(Image-text web data)
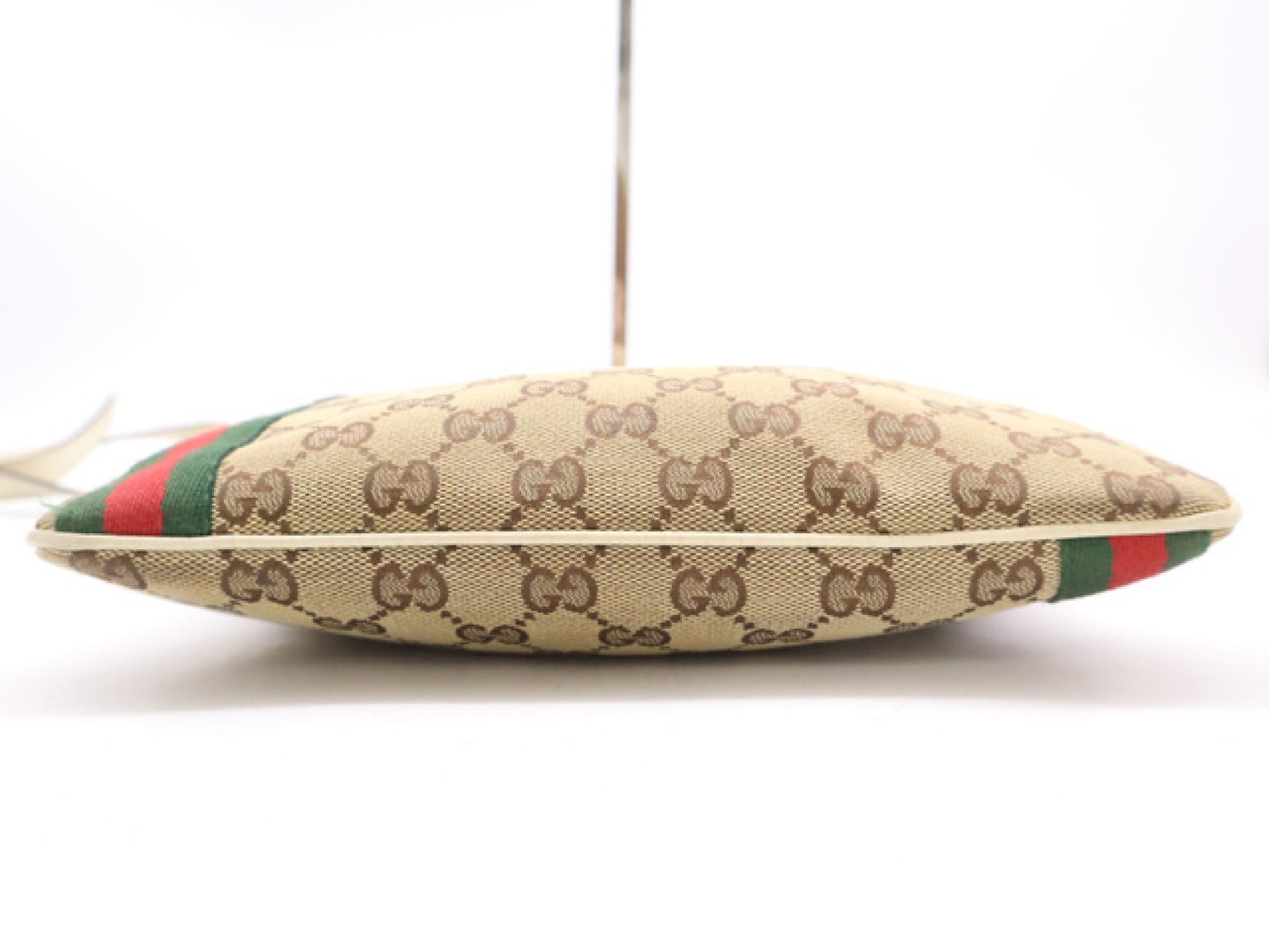 GUCCI 144388 GG Canvas Sherry Line Shoulder Bag, Beige with GD Hardware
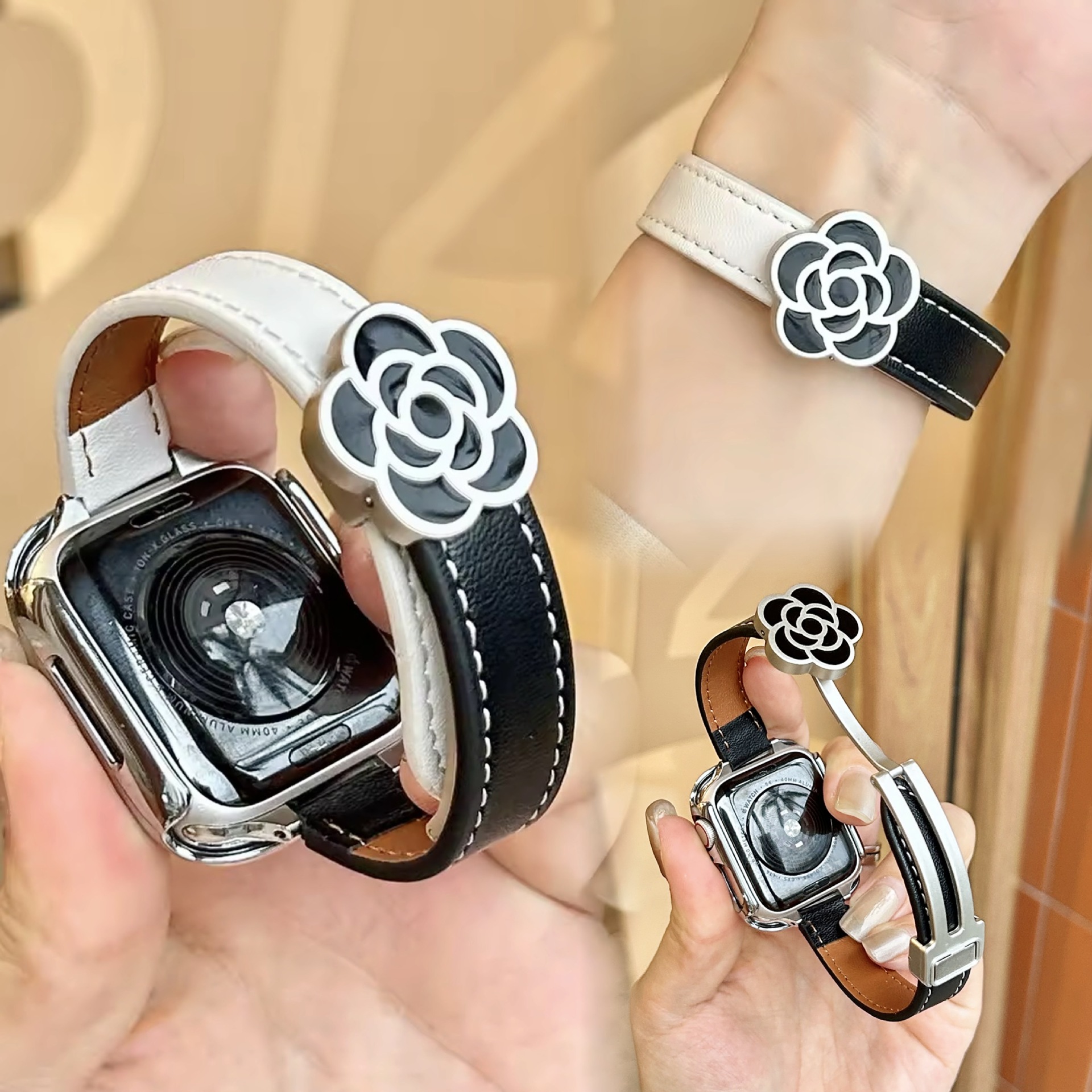 Suitable for Apple Watch Applewatch Camellia Foldableing Magnetic Buckle Strap Iwatchs10 Leather Strap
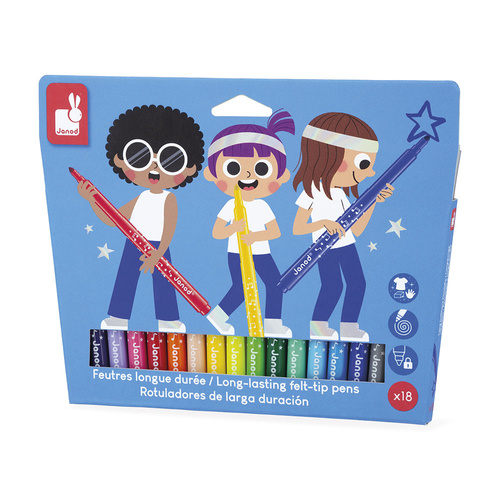 Janod Flamastry pisaki z filcową końcówką 18 kolorów 3+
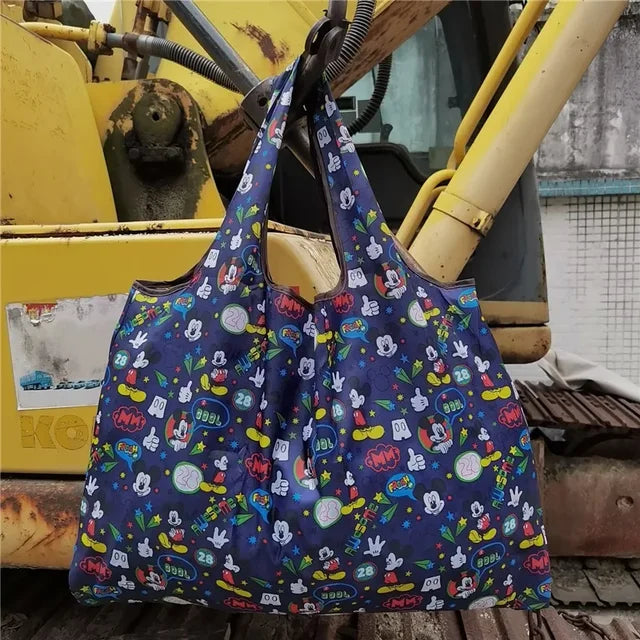 Disney Stitch Tote Bags for Women Mickey Mouse Winnie The Pooh Anime Large Capacity Shopping Bags Folding Storage Bag Handbags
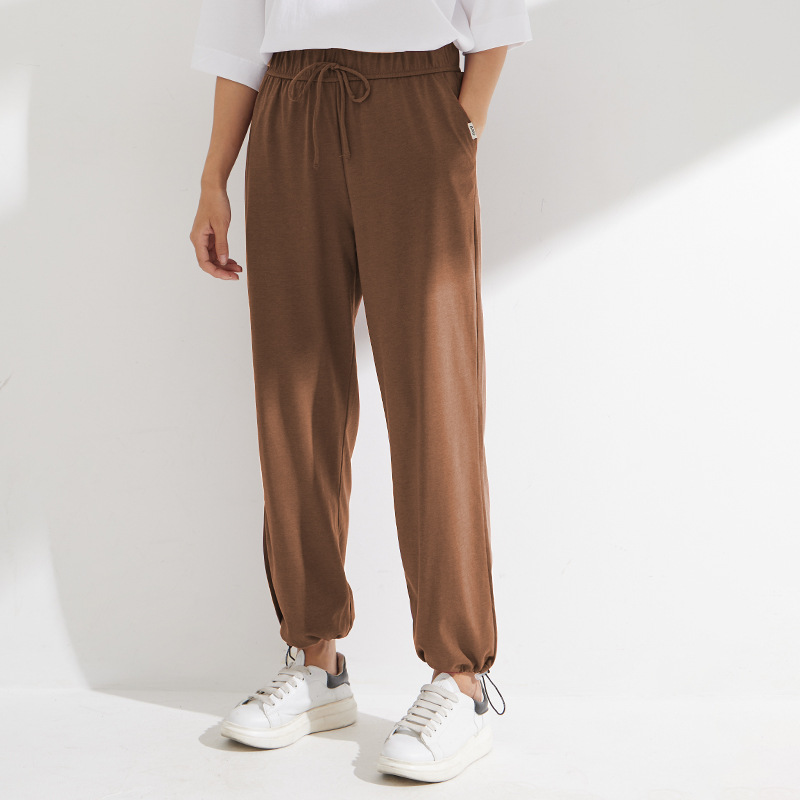 Women's Ice Silk Harem Pants, Cropped, Short Cotton Linen Pants, Summer Sun Protection and Mosquito Repellent Pants, Makes Legs Look Longer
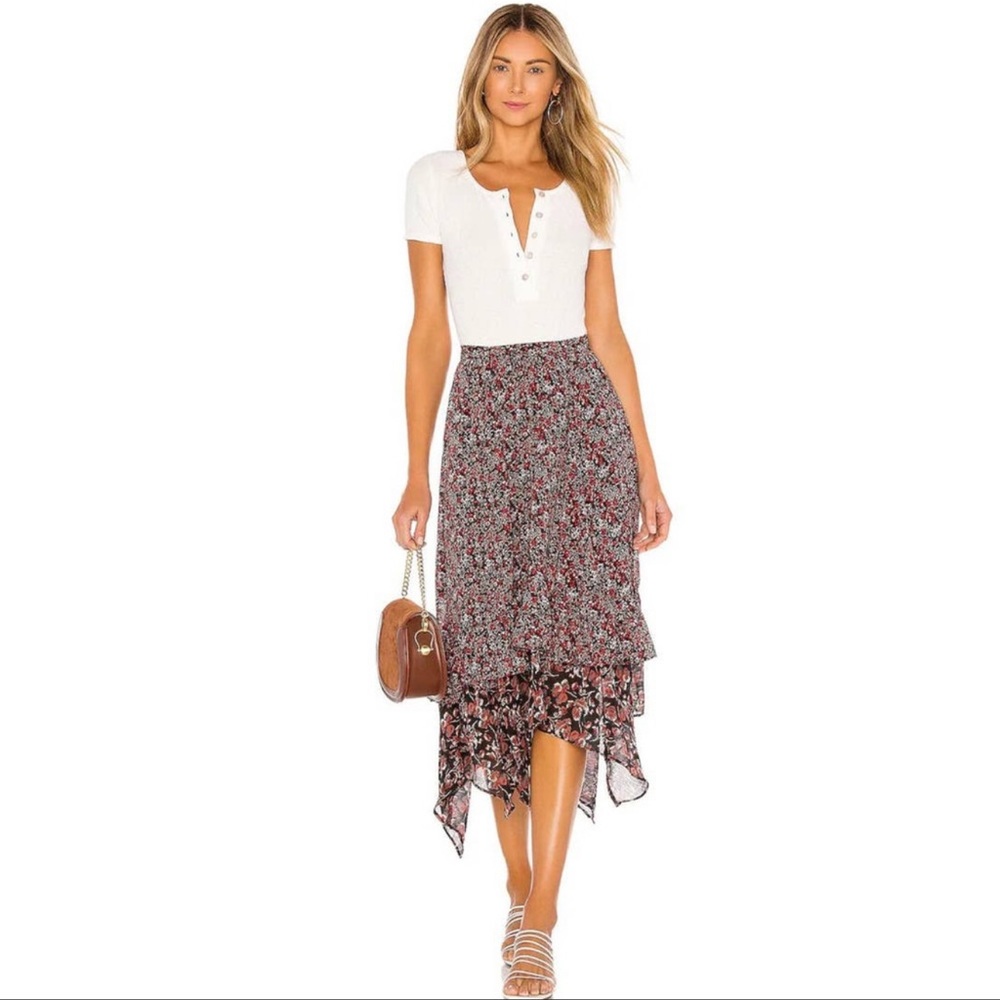 Free People Zuma Drippy Ruffle Skirt in Black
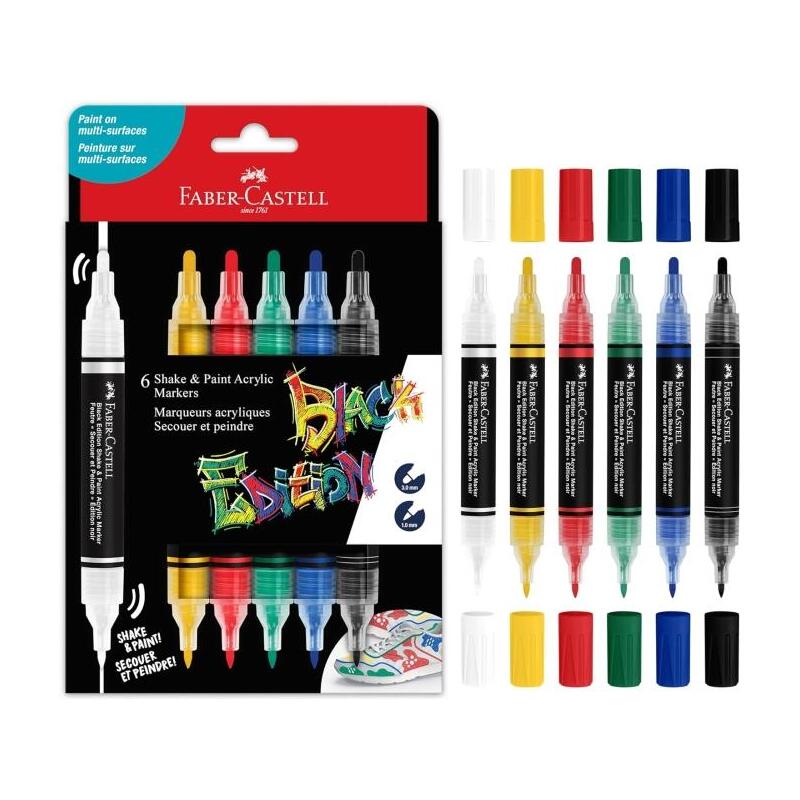 Faber-Castell Shake & Paint Black Edition Pack De 6 Rotuladores Acrilicos Doble Punta - Puntas Redondas De 1mm Y 3mm -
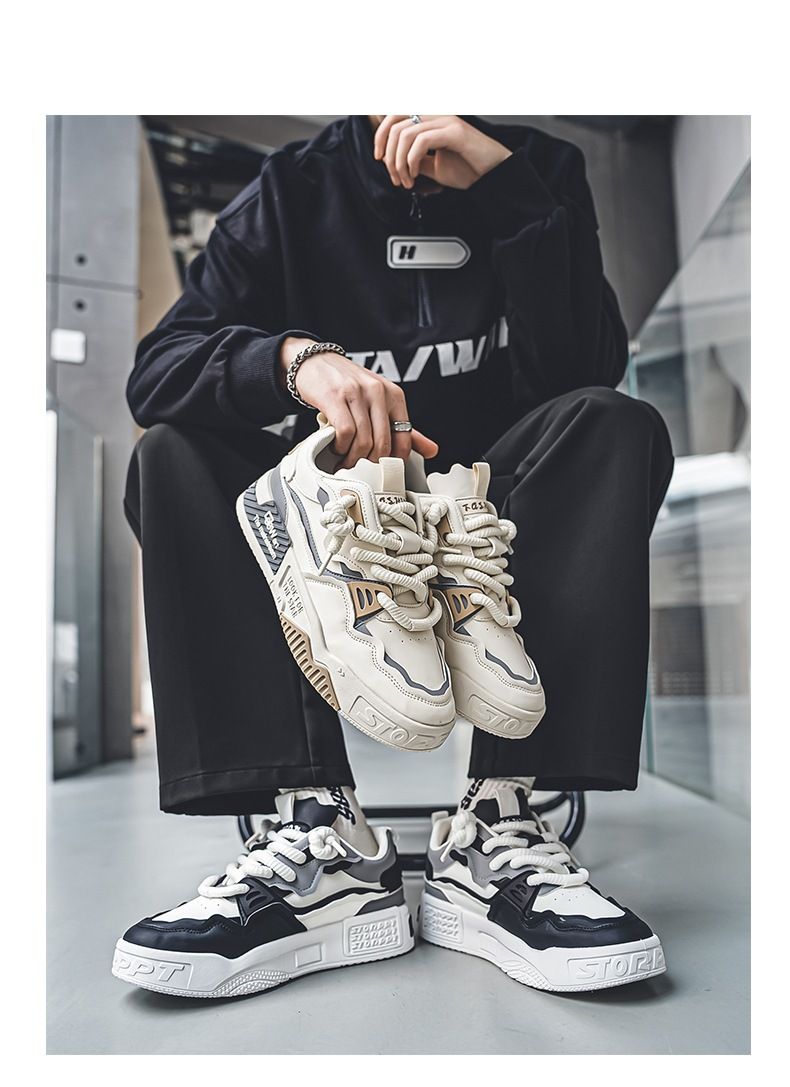 New casual flat shoes with thick soles non-slip youth sports shoes_voghion.com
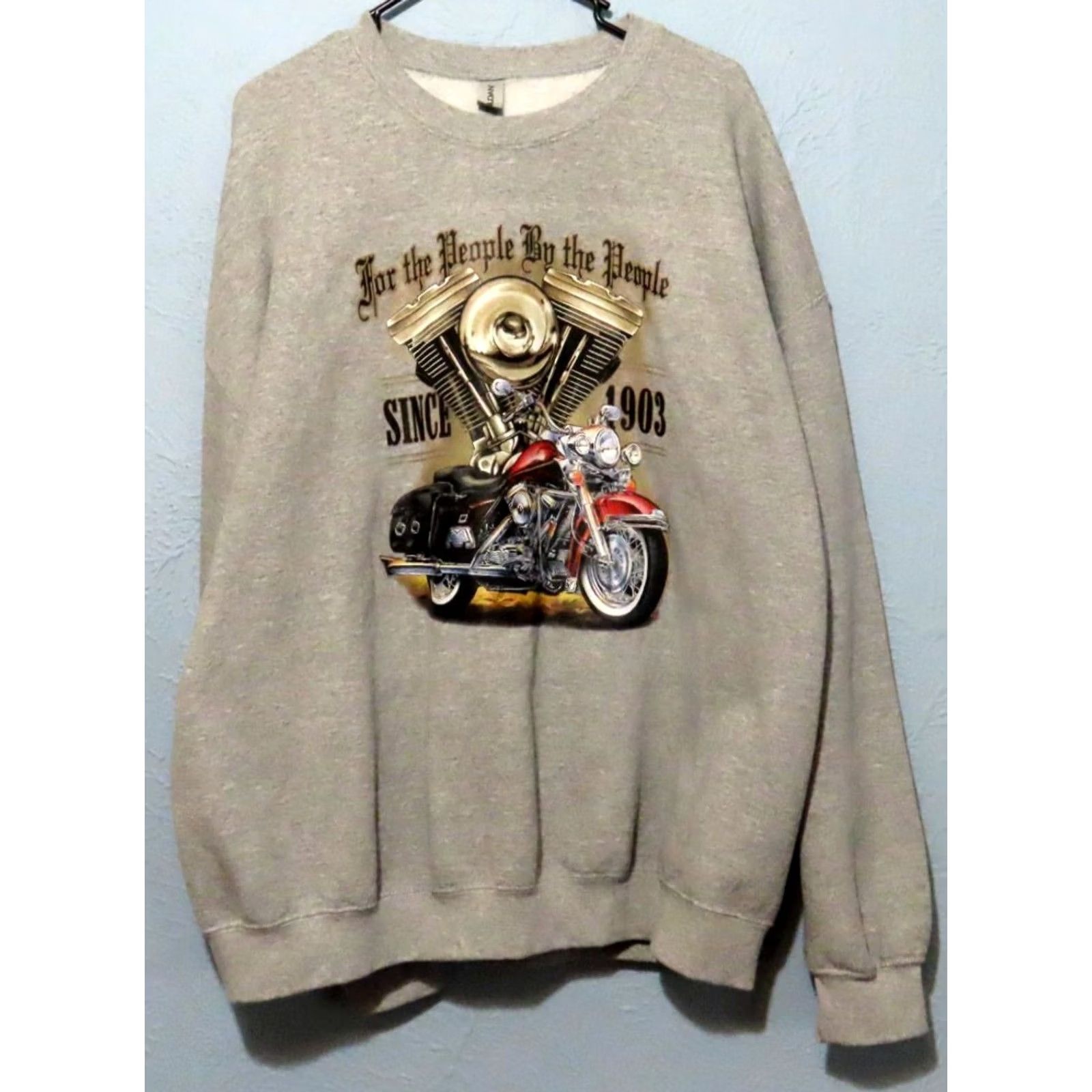 Gildan Gildan Mens 2XL Motorcycle Gray Sweatshirt For the People By the People 1903 Size US XXL / EU 58 / 5 - 2 Thumbnail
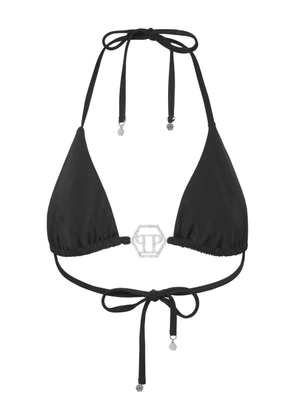 Philipp Plein Crystal Hexagon triangle bikini top - Black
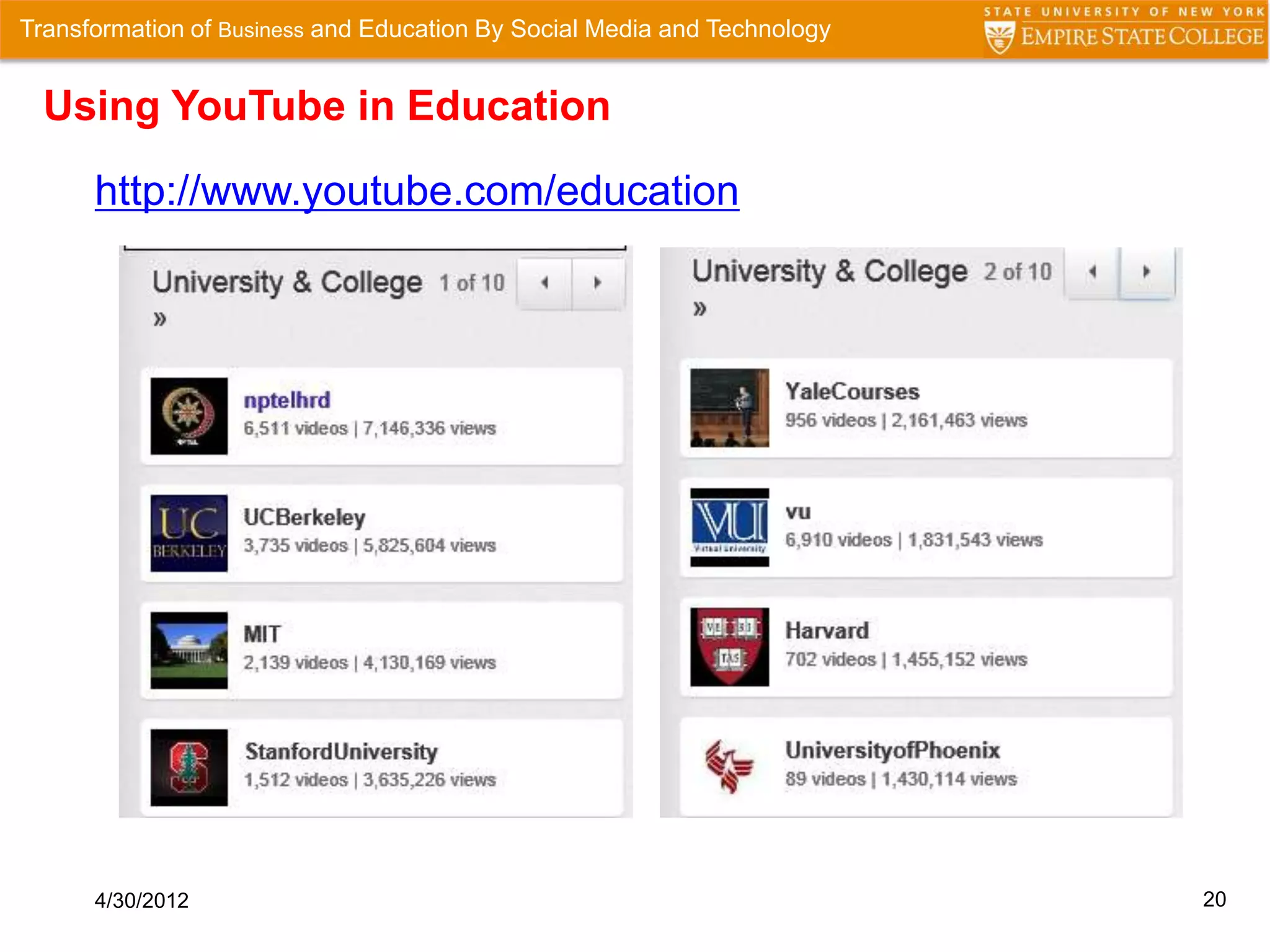 Transformation of Business and Education By Social Media and Technology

Exercise requirements: Could you transcribe all of the data exactly and omit the pictures?

Result for this exercise:
 GUCCI 144388 GG Canvas Sherry Line Shoulder Bag, Beige with GD Hardware
 Suitable for Apple Watch Applewatch Camellia Foldableing Magnetic Buckle Strap Iwatchs10 Leather Strap
 Janod Flamastry pisaki z filcową końcówką 18 kolorów 3+
 Disney Stitch Tote Bags for Women Mickey Mouse Winnie The Pooh Anime Large Capacity Shopping Bags Folding Storage Bag Handbags
 Women's Ice Silk Harem Pants, Cropped, Short Cotton Linen Pants, Summer Sun Protection and Mosquito Repellent Pants, Makes Legs Look Longer
 Free People Zuma Drippy Ruffle Skirt in Black
 Faber-Castell Shake & Paint Black Edition Pack De 6 Rotuladores Acrilicos Doble Punta - Puntas Redondas De 1mm Y 3mm -
 New casual flat shoes with thick soles non-slip youth sports shoes_voghion.com
 Gildan Gildan Mens 2XL Motorcycle Gray Sweatshirt For the People By the People 1903 Size US XXL / EU 58 / 5 - 2 Thumbnail
 Philipp Plein Crystal Hexagon triangle bikini top - Black
 Transformation of Business and Education By Social Media and Technology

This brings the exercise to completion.